Beijing reported its first case from the outbreak at Xinfadi market on June 11 and 311 people in the city of over 20 million have tested positive for the virus since then.

Zhang added that Beijing’s daily testing capacity has increased to 458,000 per day.

The U.S. Centers for Disease Control and Prevention (CDC) on Sunday reported 2,504,175 cases of the new coronaviru­s, an increase of 44,703 cases from its previous count, and said the number of deaths had risen by 508 to 125,484.

The surge is likely to continue for weeks after states moved too soon to reopen their economies, two of the country’s leading public health experts said Sunday.
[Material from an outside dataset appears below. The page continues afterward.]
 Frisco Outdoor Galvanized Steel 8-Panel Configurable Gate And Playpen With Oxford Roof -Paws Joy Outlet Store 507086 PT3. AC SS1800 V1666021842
The warnings by Tom Frieden, director of the CDC from 2009 to 2017, and Scott Gottlieb, the former head of the U.S. Food and Drug Administra­tion, came as a new poll showed confidence in how the U.S. is dealing with COVID-19 has fallen. In an interview with Fox News Sunday, Frieden said the virus continued to have the “upper hand,” even as he acknowledg­ed Americans had become tired of the restrictio­ns needed to contain it.

“We are moving too fast,” Frieden said of states that remained eager to continue phased reopenings as cases continue to rise. “It’s like leaning into a left hook. You are going to get hit hard. And that’s what is happening.”

U.S. coronaviru­s cases now exceed 2.5 million, with over 125,000 reported fatalities — in both cases the world’s highest. The country’s inability to control the spread of the virus seems likely to result in U.S. citizens being banned from travelling to Europe, for example, where cases are down in some cases 90 per cent from their peak.

A move by the EU to restrict travel from the U.S. was the inevitable result of the continuing spread in America, Gottlieb said. Growing restrictio­ns on travel within the U.S. could come next, he said.

As of late-afternoon on Sunday, there were 103,250 confirmed cases in Canada, with 8,522 deaths. That’s up from 102,959, with 8,516 deaths, at about the same time on Saturday.